Items listed in a dataset:
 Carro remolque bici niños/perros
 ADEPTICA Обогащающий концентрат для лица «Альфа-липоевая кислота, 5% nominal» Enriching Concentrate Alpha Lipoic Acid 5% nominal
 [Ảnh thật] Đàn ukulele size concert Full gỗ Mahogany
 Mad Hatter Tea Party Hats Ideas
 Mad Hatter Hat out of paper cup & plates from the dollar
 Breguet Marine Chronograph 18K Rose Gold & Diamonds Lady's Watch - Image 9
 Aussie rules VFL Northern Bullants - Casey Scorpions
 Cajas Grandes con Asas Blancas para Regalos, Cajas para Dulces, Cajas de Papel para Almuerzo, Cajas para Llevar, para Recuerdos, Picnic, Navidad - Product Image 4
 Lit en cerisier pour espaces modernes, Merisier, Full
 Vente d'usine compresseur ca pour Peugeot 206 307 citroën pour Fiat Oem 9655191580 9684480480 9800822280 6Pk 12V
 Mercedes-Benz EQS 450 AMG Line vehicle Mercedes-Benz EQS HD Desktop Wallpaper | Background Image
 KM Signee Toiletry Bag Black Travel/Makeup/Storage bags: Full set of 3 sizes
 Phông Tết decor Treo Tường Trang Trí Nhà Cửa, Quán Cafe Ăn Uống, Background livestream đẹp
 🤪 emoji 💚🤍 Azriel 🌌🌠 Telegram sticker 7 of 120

PROBLEM –
How many lines of the entries above include the word "Image"? Reply with the number alone.

ANSWER BOX –
3